Showing posts with label NPR. Show all posts
Showing posts with label NPR. Show all posts

Tuesday, January 28, 2014

Oh, the decadence: NPR in the shower


It’s pretty decadent, I admit.

But when my in-laws gave me an Amazon gift card for my birthday last fall, I already knew what I wanted to spend it on: a wireless shower speaker, so that I could start my day-long NPR fix just a few minutes earlier.

As it is, I listen to NPR while I’m running, while I’m driving, while I’m cooking and doing housework. If I’m by myself and not reading or writing, I’m usually filling up my brain with a steady stream of news, culture or commentary from NPR.

And the silence in the shower was starting to seem like a waste of time when I could be catching the headlines or the first couple of stories on Morning Edition.

I confess, I’m a little bit sheepish about it. Surely there’s something to be said for reflective silence once in a while, even if one has to impose it upon oneself grudgingly. Surely there must be a price to pay for my choice to remove even the silence of the shower from my day. Will it curtail my creativity, I wondered? Will I never again come up with a random thought, if even when showering I can be listening to someone else’s voice?

Before buying the wireless shower speaker, I read reviews on Amazon. “It used to be that the only thing I could do in the shower was get clean!” proclaimed one highly enthusiastic new user. I wasn’t sure whether this was meant to be facetious or not. It used to be that getting clean was the sole function of a shower, but now it’s a time for absorbing the headlines as well.
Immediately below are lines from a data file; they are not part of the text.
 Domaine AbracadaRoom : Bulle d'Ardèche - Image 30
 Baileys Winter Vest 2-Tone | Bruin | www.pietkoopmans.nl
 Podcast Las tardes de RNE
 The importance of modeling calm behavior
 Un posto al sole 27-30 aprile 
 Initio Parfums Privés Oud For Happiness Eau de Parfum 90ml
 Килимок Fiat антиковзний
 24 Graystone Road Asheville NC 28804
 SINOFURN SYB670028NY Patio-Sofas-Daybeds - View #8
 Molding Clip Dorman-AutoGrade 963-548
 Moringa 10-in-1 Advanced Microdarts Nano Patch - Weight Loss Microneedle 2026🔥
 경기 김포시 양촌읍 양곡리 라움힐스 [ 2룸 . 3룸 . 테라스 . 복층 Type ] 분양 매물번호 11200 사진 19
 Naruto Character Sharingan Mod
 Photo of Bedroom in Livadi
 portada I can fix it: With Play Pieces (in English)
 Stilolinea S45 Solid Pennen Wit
Is that bad?

Sometimes I do feel remiss in taking so many measures to eliminate reflective silence from my life. I inhale audio content whether I’m exercising or working around the house or, now, even during the lather-rinse-repeat cycle. Along with the silence, am I eliminating any possibilities of unbidden musings or meandering digressions of the imagination?

Yes, probably. And yet I’ve always found that some of my most useful unbidden thoughts come to me not in times of silence but rather accompanied by white noise. Sometimes it’s exactly the distraction of a BBC commentary or an interview with an obscure jazz composer that leads me to think up article ideas or essay topics.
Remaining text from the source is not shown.